**Exercise:** Only the lines from the one containing "Pielgrzymi dotarli na" through the last line of the listing are to be given again, exactly as they appear.

*** Extracted material ***

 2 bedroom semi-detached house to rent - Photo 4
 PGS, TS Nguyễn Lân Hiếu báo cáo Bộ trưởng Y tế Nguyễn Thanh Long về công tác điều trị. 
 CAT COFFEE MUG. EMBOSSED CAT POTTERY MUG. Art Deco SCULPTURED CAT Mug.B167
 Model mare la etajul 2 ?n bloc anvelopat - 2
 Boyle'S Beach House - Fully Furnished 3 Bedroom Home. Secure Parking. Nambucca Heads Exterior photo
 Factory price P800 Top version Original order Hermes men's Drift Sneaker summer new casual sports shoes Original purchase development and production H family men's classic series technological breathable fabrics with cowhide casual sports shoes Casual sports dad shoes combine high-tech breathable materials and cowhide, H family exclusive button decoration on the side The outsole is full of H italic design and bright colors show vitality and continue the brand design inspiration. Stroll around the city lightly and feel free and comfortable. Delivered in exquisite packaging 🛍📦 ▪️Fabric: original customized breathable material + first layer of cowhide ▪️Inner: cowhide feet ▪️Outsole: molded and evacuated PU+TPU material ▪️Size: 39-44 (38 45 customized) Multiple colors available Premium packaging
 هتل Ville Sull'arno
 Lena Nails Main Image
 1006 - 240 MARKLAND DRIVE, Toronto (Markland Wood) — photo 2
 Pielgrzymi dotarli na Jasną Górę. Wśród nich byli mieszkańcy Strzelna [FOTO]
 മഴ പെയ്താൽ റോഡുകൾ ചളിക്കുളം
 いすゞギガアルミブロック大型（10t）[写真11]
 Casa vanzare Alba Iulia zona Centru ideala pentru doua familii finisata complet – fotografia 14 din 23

*** End of Extracted material ***

**Reply to the exercise:**
 Pielgrzymi dotarli na Jasną Górę. Wśród nich byli mieszkańcy Strzelna [FOTO]
 മഴ പെയ്താൽ റോഡുകൾ ചളിക്കുളം
 いすゞギガアルミブロック大型（10t）[写真11]
 Casa vanzare Alba Iulia zona Centru ideala pentru doua familii finisata complet – fotografia 14 din 23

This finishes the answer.